All of these can be thought of as ways we shift our gaze away from the real culprit: our fear. The good news is that by meditating regularly, your fear won’t take your brain (or your relationships) hostage the same way any more. You’ll still experience your fear, but it’s more like sitting firmly in the saddle and holding the reins of the horse — it won’t gallop off with you helplessly dragging behind. So, meditating more will help you avoid it less.

Okay, enough about the philosophical part of the program — let’s get down to practical matters.

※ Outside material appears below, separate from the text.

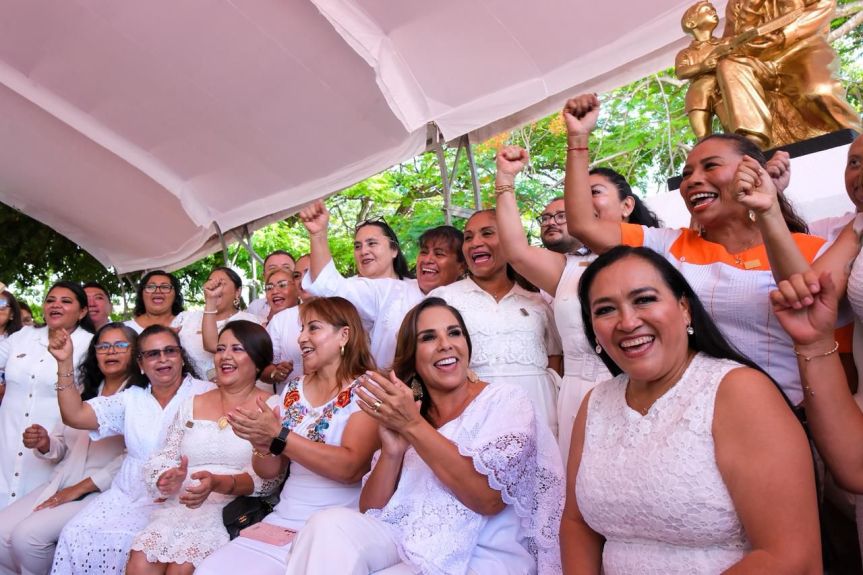 Rinde homenaje Mara Lezama a maestras y maestros por su contribución a la transformación de Quintana&nbsp;Roo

Here are a dozen tips for making your meditation practice a worthwhile habit that sticks:

1. Pick a time. For example, get to it immediately when you get up in the morning. Before coffee (gasp!), before a shower, plop yourself down and just do it. Meditation sets the tone for your nervous system for the day, so you’ll reap the benefits that much more – plus, you’ll feel noble and accomplished all day.
2. Let go of the idea that you can’t meditate. One thing I hear a lot is “I can’t make my mind stay focused.” There’s no “doing it right” – it’s a practice. The practice of brining your wandering mind back again and again is actually what researchers believe does the re-wiring in your brain. Having a mind that wanders is actually a useful tool in meditation. There is a video about how a difficult-to-focus mind can be an asset in meditation practice.
3. Set your calendar. Planning to do a new behavior every day for a year is beyond what most of us can accomplish — setting ourselves up for failure. Make your resolution just long enough to become a habit — and then do that same time period over and over.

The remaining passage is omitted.